_Recorded information_.
────────────────────

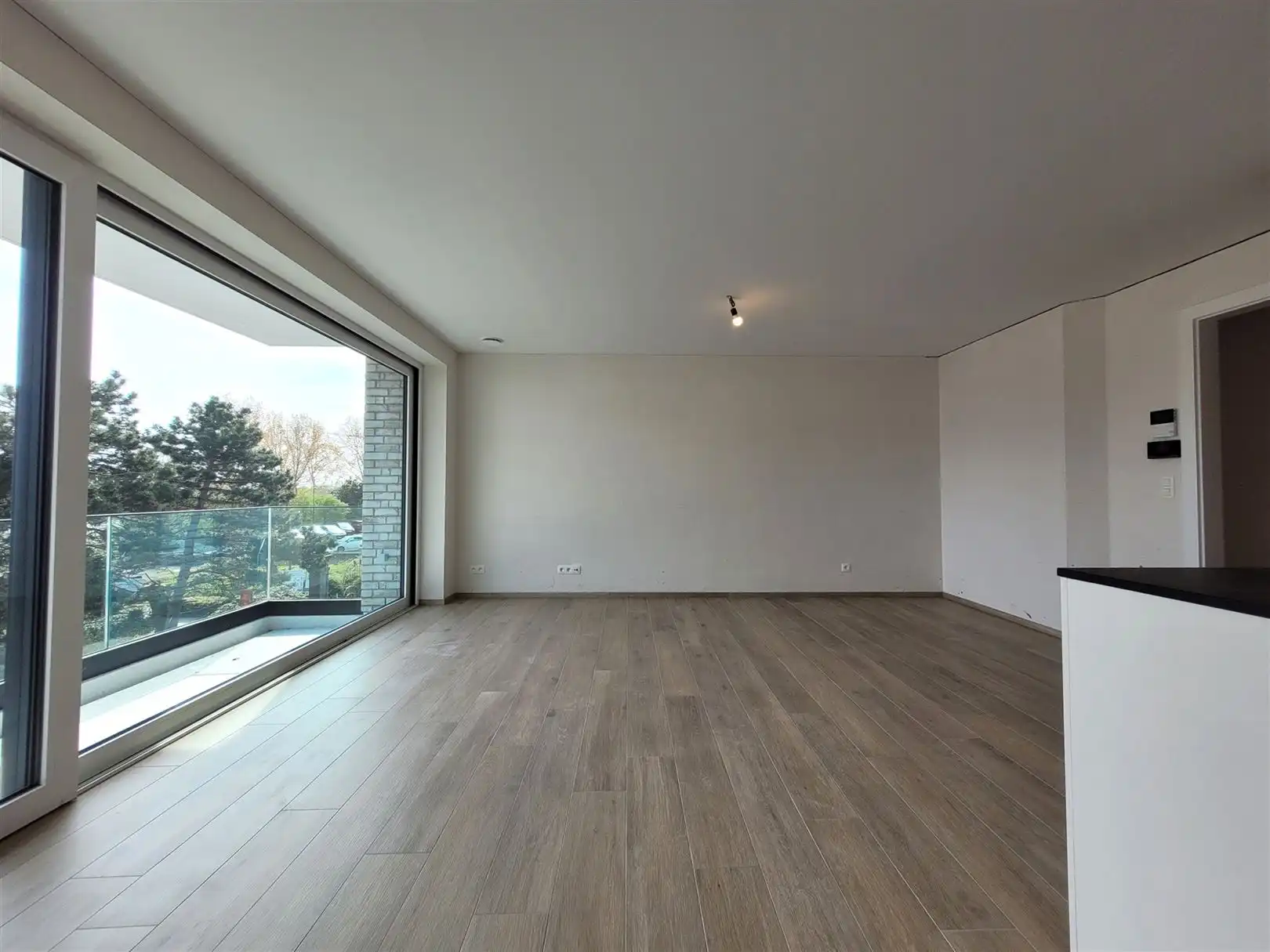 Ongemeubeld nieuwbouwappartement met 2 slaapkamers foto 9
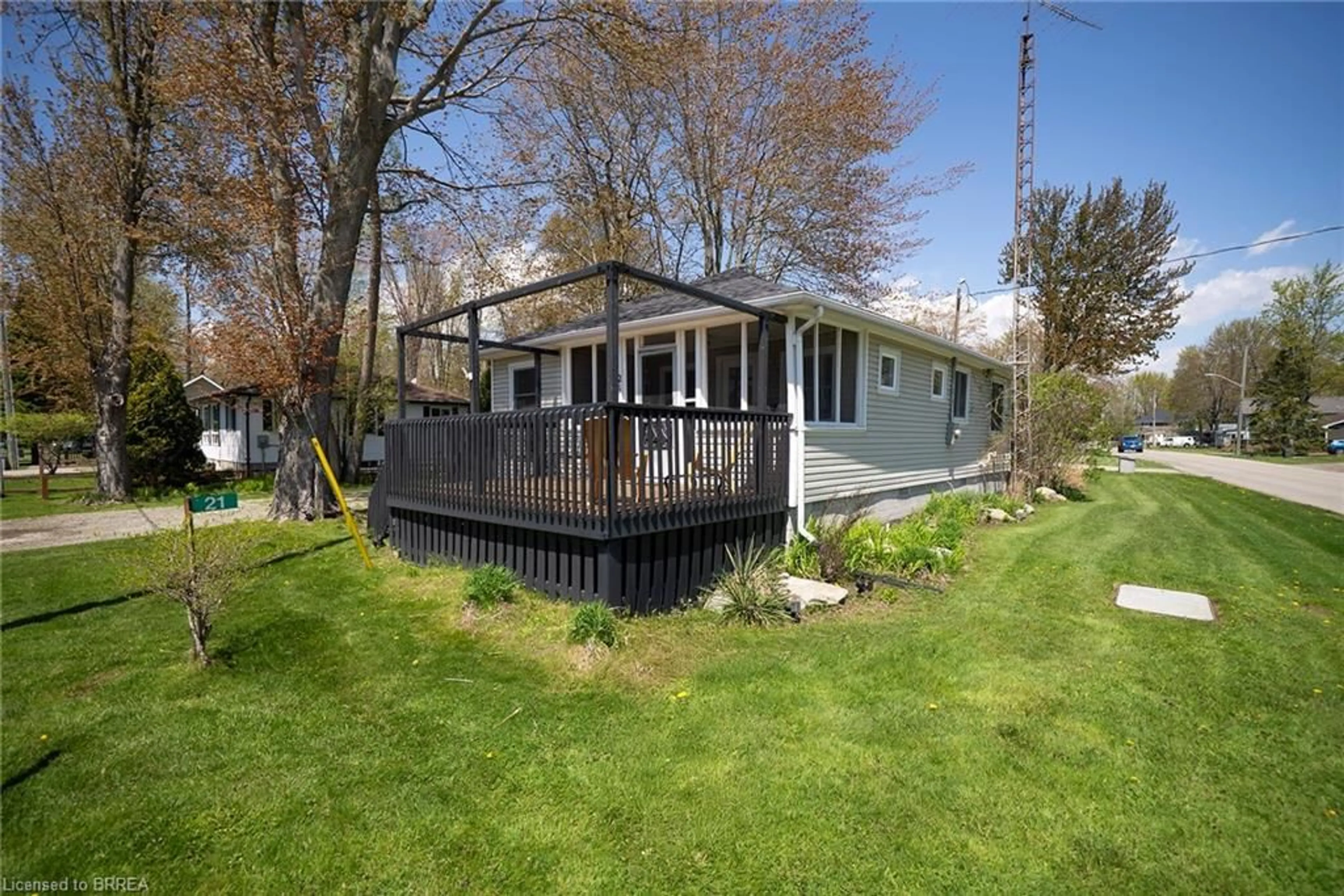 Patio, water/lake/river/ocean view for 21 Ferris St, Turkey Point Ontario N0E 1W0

────────────────────

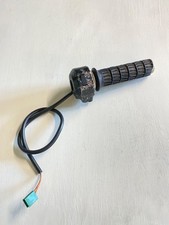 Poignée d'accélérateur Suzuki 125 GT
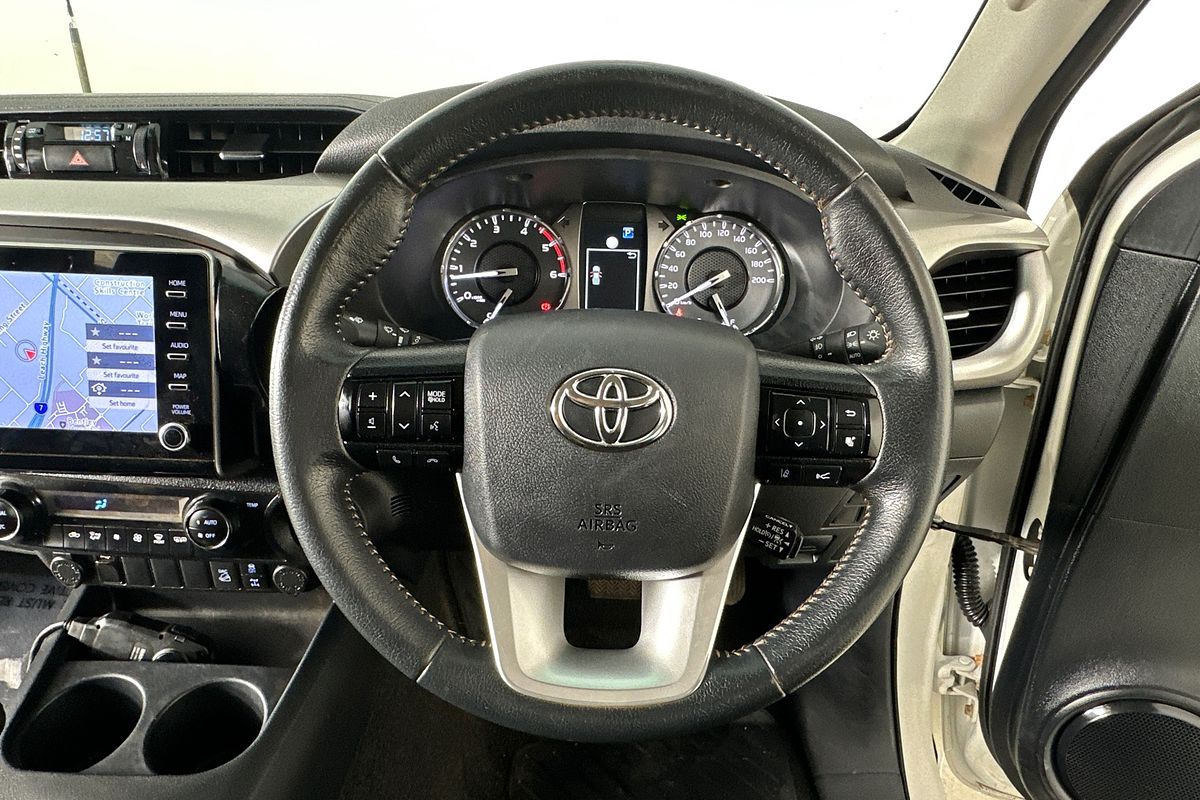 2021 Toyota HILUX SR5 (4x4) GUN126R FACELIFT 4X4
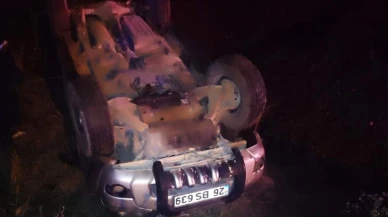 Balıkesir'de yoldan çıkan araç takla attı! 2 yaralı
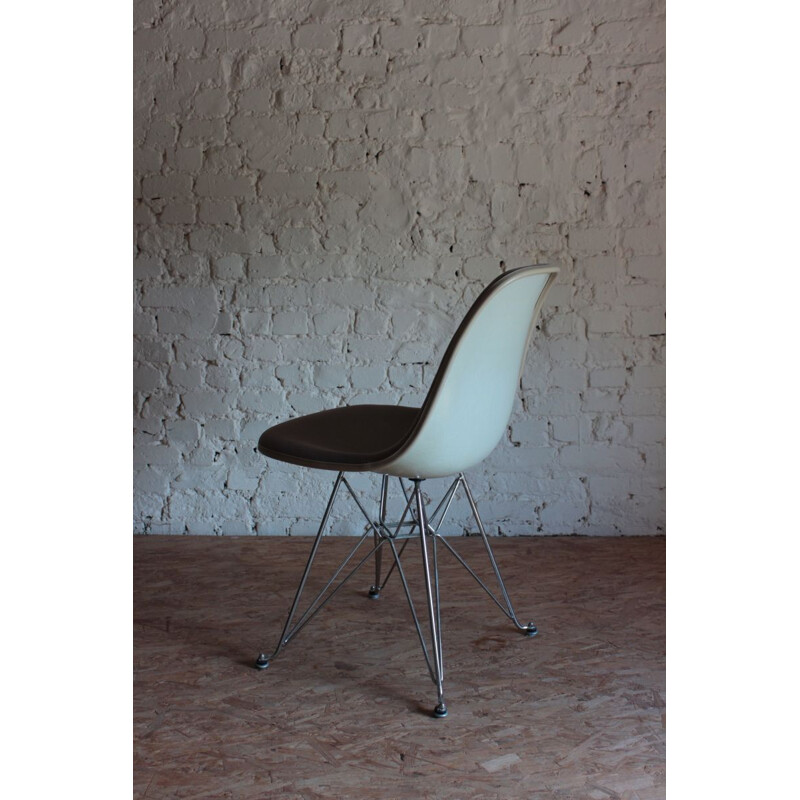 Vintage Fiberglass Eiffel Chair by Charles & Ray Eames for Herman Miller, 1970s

────────────────────

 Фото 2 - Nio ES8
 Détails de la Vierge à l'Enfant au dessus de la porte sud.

────────────────────

_Work order_. Retype exactly, and only, the lines above from the one where "Фото 2 - Nio ES8" occurs up to and including the one where "Détails de la" occurs.

_Written solution_.
 Фото 2 - Nio ES8
 Détails de la Vierge à l'Enfant au dessus de la porte sud.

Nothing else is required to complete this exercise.